Megan represents a major academic publishing company. Her major responsibility is manuscript acquisition, a crucial job for any publishing company because publishers rely on professors and authors to create the products they sell. Only highly qualified professors and authors can write works for academic audiences. Megan’s job is to sign authors for her company and not for its competitors. Her job is especially important given her specialty--engineering and computer science--as only a few people in the world have the background and writing ability to author specialized texts in this field.

Recently, Megan has encountered an ethical problem. Her close friend, Lena, a professor of computer science, decided to write a book that Megan’s firm and three others strongly desired. Megan’s company, the largest in the industry, usually offers authors the lowest royalty rate (Note: in academic publishing, the royalty rate x number of copies sold = royalty. This is the dollar amount the author takes to the bank). Her company’s rationale is that it has the most marketing resources, and thus can sell many more books than its competitors, generating more author royalty. However, Megan’s company wants this project so much that they offer Lena the highest royalty rate, to ensure a contract for the manuscript.

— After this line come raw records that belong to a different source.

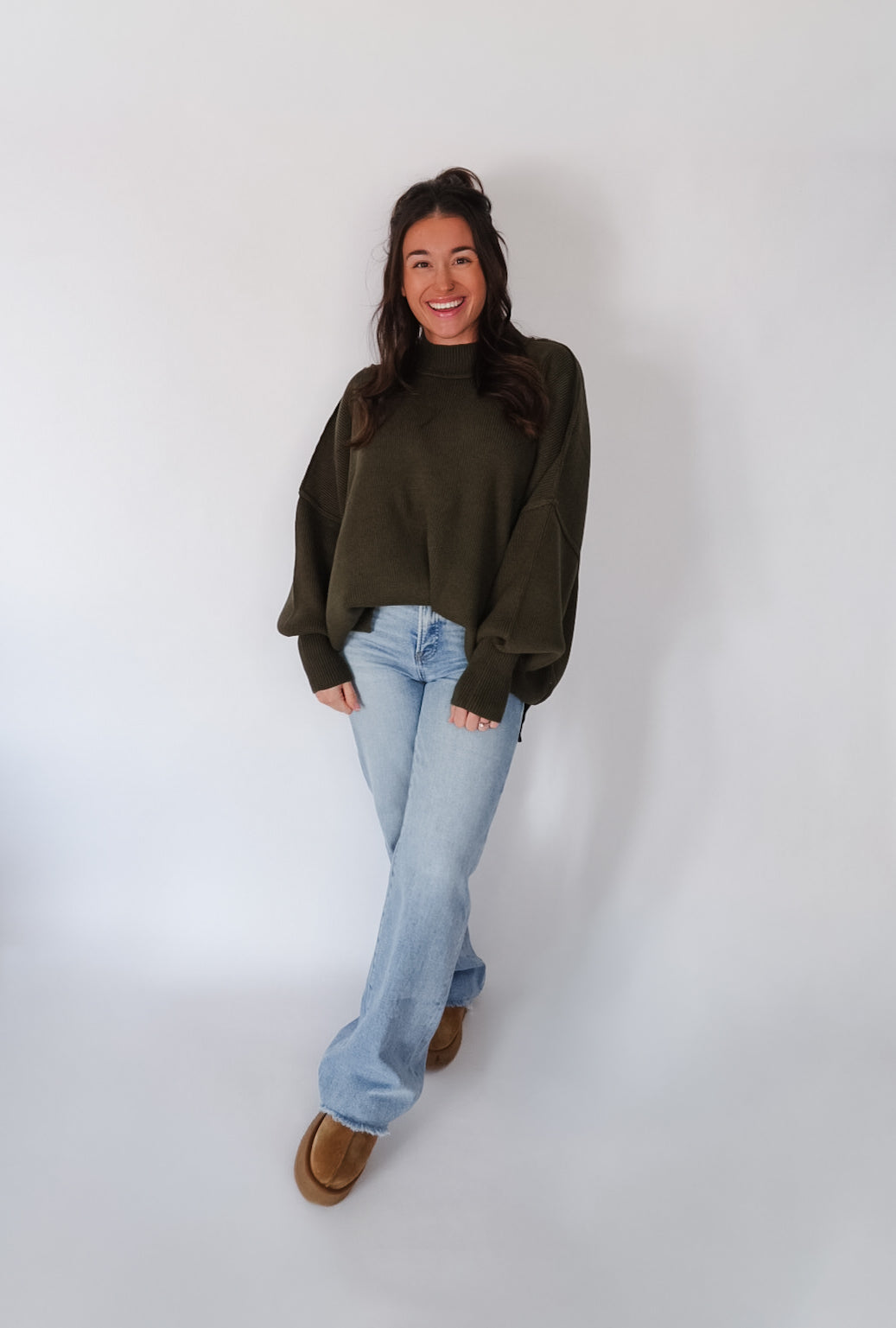 RESTOCK Dark Olive Relax Fit Sweater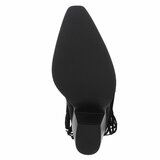 Kort zwart daimen western-cowgirl enkellaarsje Cherlize_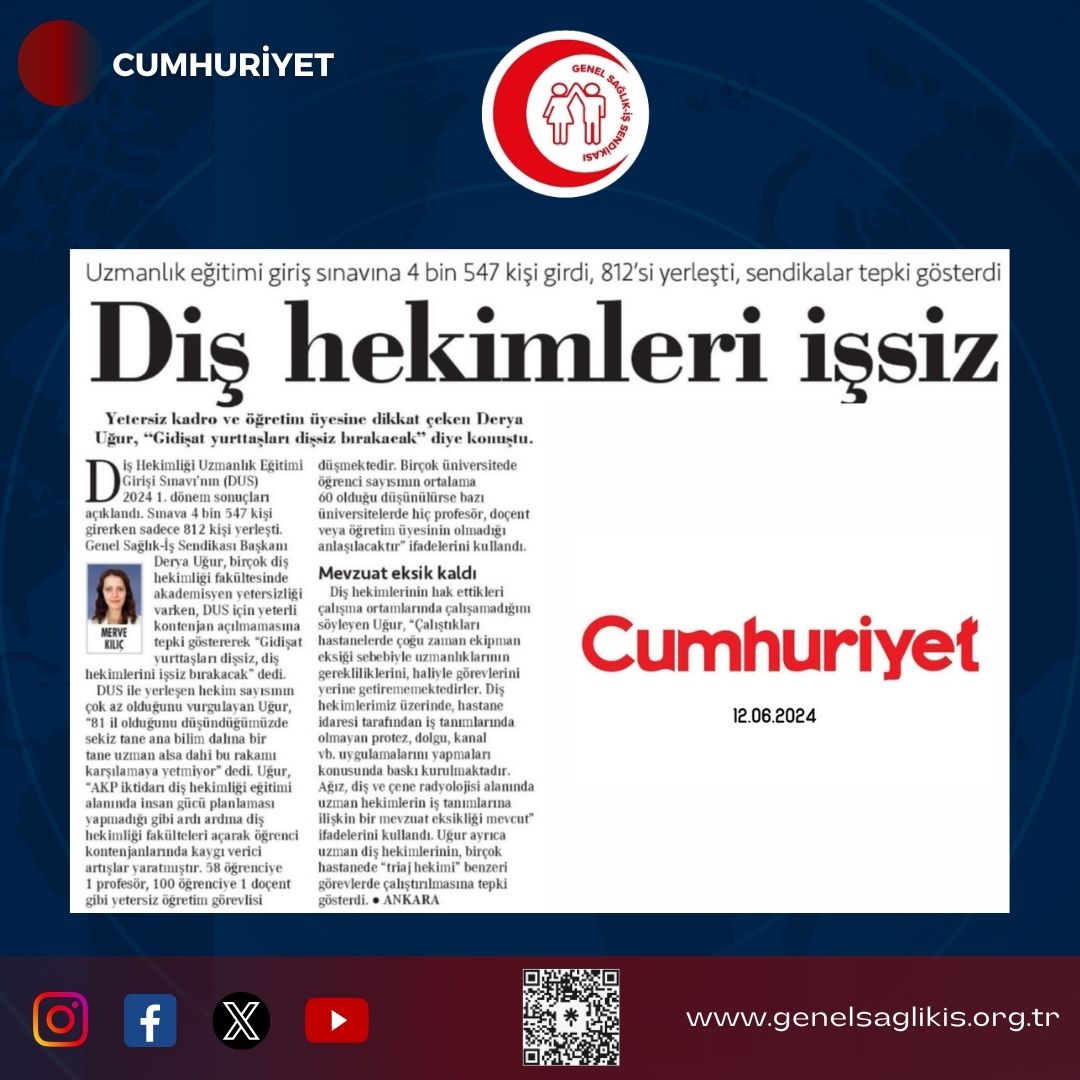 Uzmanlık eğitimi giriş sınavına 4 bin 547 kişi girdi, 812’si yerleşti, sendikalar tepki gösterdi / CUMHURİYET 12.6.2024 

Yetersiz kadro ve öğretim üyesine dikkat çeken Derya Uğur, “Gidişat yurttaşları dişsiz bırakacak” diye konuştu.

Diş Hekimliği Uzmanlık Eğitimi Girişi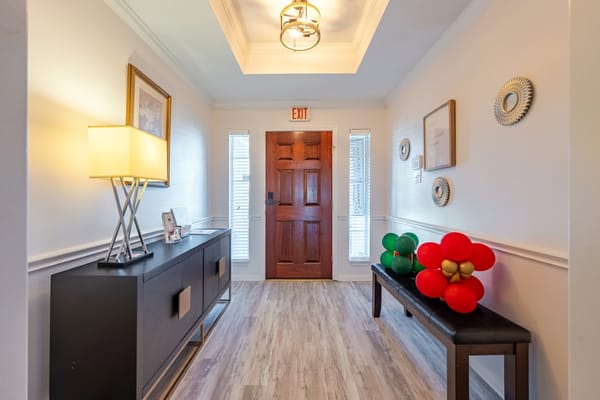 Bright and welcoming hallway with decorative elements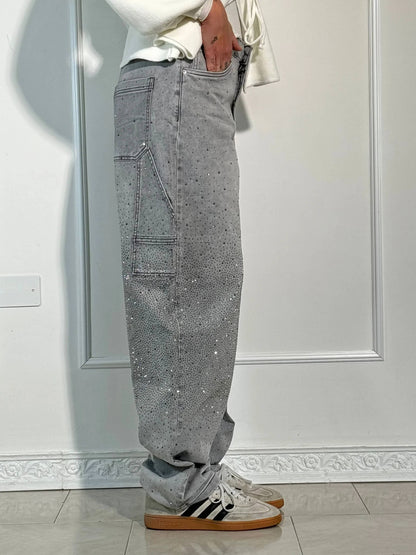 Jeans Wide Leg con Strass da Donna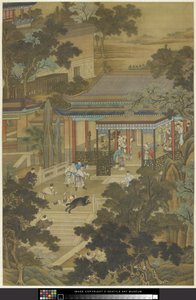 Jieyu bránící císaře před medvědem, c.1740 (inkoust a barva na papíře) od Zhidao Cheng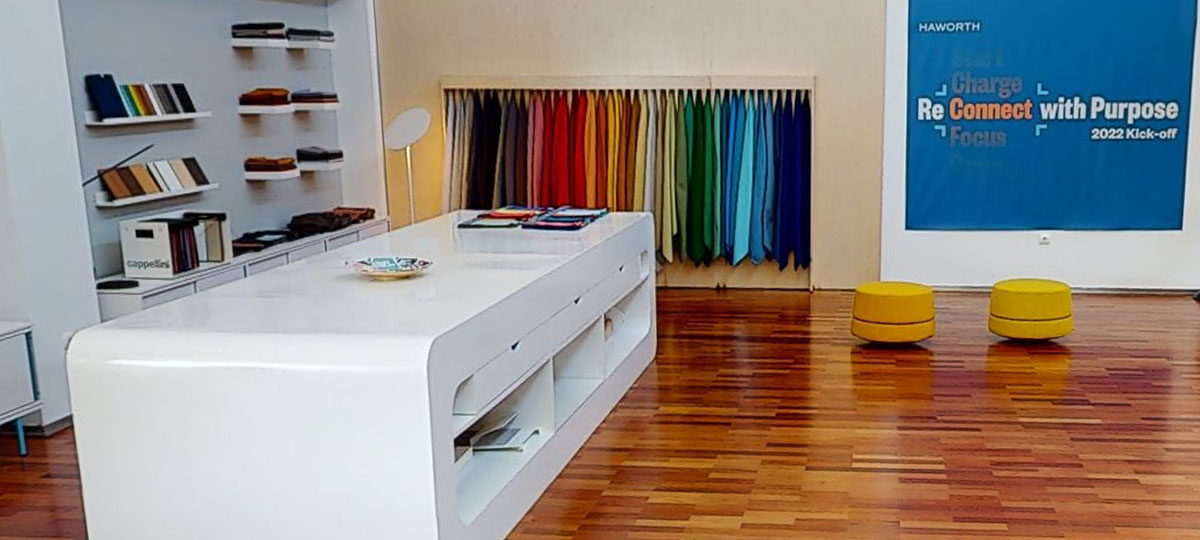 Every Haworth showroom has an area devoted to the presentation and selection of our vast range of fabrics, finishes, colours and materials.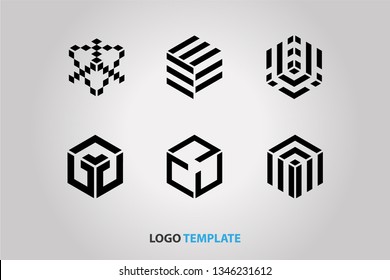 set of six hexagon logo collections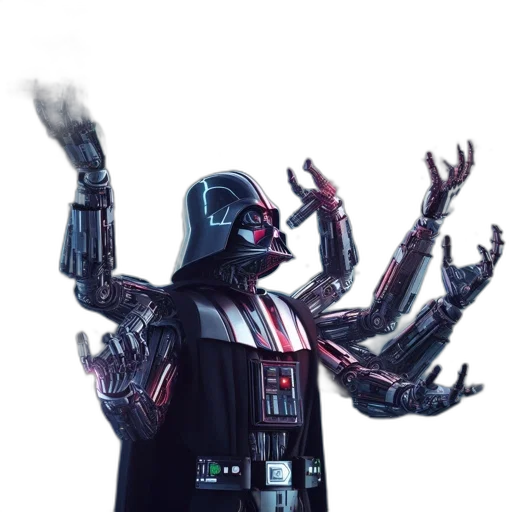 robot, staff, jacket, weapon transparent PNG cut-out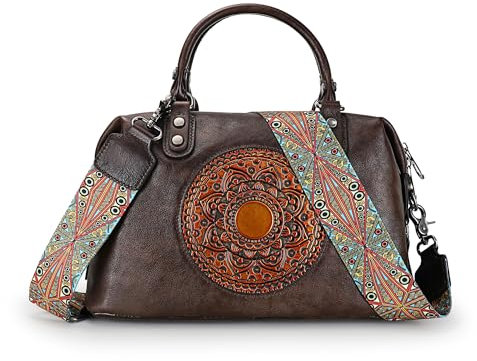 LETEULO Damen Umhängetasche Handtasche Echtleder tolle Geldbörse Grosse Kapazitä Schultertasche Tote Henkeltasche Kaffee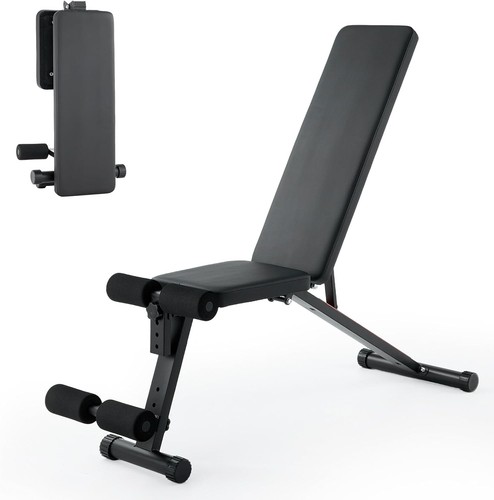 Folding weight bench with leg - weight,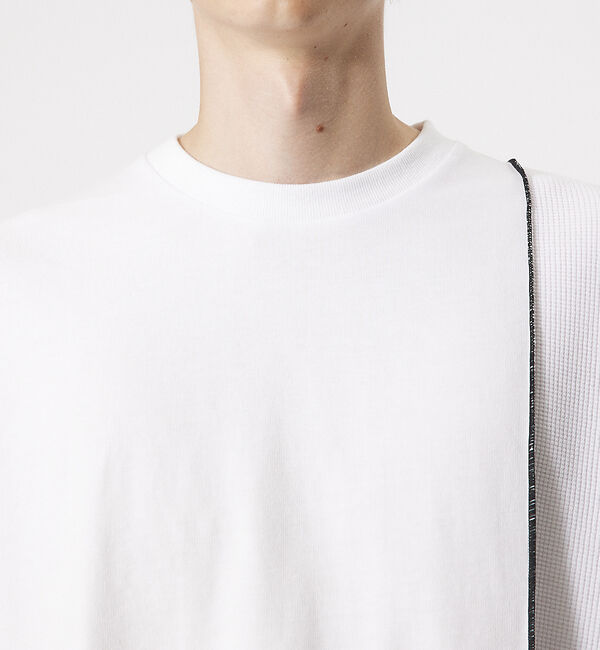 ABAHOUSE「【AH ABAHOUSE】ステッチワーク切替 ミニ裏毛 半袖 Tシャツ」|Tシャツ・カットソー|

Megan is certain that she could push her friend to sign her company’s contract by stressing its importance for her career. Megan is paid very well to sign competitive projects, and her future raises and continued employment depend on winning just this type of project. However, she also knows her friend wants to sign with another company, whose academic consulting editor is the world’s foremost authority on the subject of her book and who could do the most to perfect the manuscript. Royalty is not Lena’s foremost concern.

Study questions:

  1. Is Megan justified in thinking about her own self-interest in this case?
  2. Should Lena take into account Megan’s concerns when she makes her decision about which publisher to sell her manuscript to?
  3. How might this case change if Megan’s company were a trade press rather than an academic press?

Author Bio: Bob Weisman was born and raised in Columbus, Ohio, and came to the University of Michigan as a freshman in 1954. He served as a Naval officer for 3 years, then got an MA in history from University of Wisconsin in 1963. After receiving his degree, he joined a college text publisher, and retired in 1999. He started as field representative, was promoted to field editor specializing in manuscript acquisition, and then promoted to regional editor. In his own words: "It was a fascinating business, talking to professors in all academic fields, finding projects already underway or developing others from scratch." His firm published 125 texts that Bob signed, a record which still stands at the company.